Lloyd's Maritime and Commercial Law Quarterly
AUSTRALIAN MARITIME LAW DECISIONS 1998
Martin Davies*
A. Carriage of goods by sea
1. Australia’s modifications of the Hague-Visby Rules come into force
On 1 July 1998, the Carriage of Goods by Sea Regulations 1998 (Cth) came into force, amending the operation of the Carriage of Goods by Sea Act 1991 (Cth) and the Hague- Visby Rules.1 Last year’s Review outlined the substance of the proposed “reform package”, which was implemented by the 1998 regulations.2 The final form of the changes has been described in a comment in an earlier issue of this year’s Quarterly.3
Last year’s Review questioned whether the Australian hybrid regime will be applied in other countries unless the sea-carriage document (bill of lading or sea waybill) chooses Australian law or incorporates the Hague-Visby Rules as enacted in Australia.4 Another reason for doubt may be added to those set out last year.5 The modified version of the Hague-Visby Rules is given the force of Australian law in sea-carriage contracts for outward-bound carriage from Australia.6 If, however, that carriage is to a country that gives the force of law to the original version of the Hague-Visby Rules (such as the UK, New Zealand, Japan, etc.), the courts of that country may well apply the original version of the rules even if the carriage contract is governed by Australian law. In The Hollandia,7 the House of Lords held that, because the Carriage of Goods by Sea Act 1971 (UK) gives the force of law to the Hague-Visby Rules, they apply by force of English law to all of the contracts that are mentioned in Art. 10, regardless of the operative law in the country of shipment. Australia is still a “Contracting State” to the Conventions making up the Hague-Visby Rules, so any bill of lading issued in Australia or for carriage from a port in Australia will still fall within the operational provisions of Art. 10 of the original rules. Any country taking the approach suggested in The Hollandia should therefore apply the original rules to such bills of lading by force of its own law, without even considering the Australian modifications to the rules. Thus, it seems likely that the Australian hybrid regime may only be applied in other Hague-Visby countries if it is incorporated by reference into the contract.

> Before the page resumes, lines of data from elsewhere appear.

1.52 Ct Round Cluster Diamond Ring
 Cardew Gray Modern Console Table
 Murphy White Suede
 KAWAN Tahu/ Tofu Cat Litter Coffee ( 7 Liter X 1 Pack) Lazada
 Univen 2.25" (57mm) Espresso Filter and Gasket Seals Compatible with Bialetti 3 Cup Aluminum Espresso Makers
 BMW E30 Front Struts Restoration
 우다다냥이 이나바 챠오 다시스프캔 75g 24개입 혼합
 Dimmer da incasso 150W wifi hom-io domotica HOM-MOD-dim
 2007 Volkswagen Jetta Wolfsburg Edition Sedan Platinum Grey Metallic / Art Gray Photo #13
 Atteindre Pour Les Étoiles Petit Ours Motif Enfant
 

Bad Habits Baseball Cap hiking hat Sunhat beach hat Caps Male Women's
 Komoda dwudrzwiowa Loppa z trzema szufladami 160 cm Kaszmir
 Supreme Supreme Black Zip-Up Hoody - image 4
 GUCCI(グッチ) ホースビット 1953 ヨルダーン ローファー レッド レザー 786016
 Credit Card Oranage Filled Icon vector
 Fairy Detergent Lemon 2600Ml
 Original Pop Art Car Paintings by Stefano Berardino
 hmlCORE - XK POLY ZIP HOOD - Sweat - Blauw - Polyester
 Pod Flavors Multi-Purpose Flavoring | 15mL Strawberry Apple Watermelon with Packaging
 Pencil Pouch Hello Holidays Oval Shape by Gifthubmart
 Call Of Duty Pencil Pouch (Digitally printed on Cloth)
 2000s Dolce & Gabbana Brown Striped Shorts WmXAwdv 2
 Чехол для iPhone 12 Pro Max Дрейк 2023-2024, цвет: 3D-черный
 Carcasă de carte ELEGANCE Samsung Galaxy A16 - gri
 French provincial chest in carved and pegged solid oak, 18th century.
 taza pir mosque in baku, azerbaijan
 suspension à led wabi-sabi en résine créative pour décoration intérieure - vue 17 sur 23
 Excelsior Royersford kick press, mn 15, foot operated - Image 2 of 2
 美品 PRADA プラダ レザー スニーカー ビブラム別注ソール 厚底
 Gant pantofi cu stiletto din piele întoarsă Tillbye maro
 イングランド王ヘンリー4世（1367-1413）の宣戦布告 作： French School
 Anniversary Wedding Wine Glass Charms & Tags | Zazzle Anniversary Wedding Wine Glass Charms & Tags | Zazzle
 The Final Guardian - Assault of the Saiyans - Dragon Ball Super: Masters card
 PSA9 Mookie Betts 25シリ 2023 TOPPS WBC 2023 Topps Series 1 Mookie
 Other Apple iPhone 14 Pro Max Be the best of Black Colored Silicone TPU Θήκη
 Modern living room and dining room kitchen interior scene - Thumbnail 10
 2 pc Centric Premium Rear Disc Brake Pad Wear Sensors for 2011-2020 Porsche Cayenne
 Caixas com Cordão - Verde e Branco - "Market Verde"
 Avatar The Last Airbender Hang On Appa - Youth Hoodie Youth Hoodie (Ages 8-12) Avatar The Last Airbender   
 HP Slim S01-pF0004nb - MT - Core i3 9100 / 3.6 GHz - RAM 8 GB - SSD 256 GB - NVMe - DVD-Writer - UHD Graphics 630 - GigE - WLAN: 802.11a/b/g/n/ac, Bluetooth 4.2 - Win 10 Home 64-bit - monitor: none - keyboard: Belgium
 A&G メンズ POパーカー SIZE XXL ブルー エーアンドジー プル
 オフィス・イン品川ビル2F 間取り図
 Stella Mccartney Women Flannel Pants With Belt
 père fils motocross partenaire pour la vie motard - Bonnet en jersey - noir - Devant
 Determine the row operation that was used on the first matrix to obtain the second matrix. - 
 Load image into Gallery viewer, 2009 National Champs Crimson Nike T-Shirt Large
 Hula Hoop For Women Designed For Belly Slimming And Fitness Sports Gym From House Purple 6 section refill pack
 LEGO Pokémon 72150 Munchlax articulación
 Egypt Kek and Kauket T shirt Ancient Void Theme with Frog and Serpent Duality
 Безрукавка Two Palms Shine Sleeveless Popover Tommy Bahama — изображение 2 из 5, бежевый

* Harrison Moore Professor of Law, The University of Melbourne.
1. Last year’s Review described how the Carriage of Goods by Sea Amendment Act 1997 (Cth) prevented the Hamburg Rules from coming into force for Australia, making provision instead for Hamburg-like modifications to the Hague-Visby Rules to be made by regulation: see [1998] LMCLQ 394, 394–396.
2. [1998] LMCLQ 394, 394–395.
3. Hetherington, “Australian hybrid cargo liability regime” [1999] LMCLQ 12.
4. [1998] LMCLQ 394, 395-396.
5. I am grateful to Tom Broadmore of the Wellington Bar, President of the Maritime Law Association of Australia and New Zealand (M.L.A.A.N.Z.), for bringing this point to my attention.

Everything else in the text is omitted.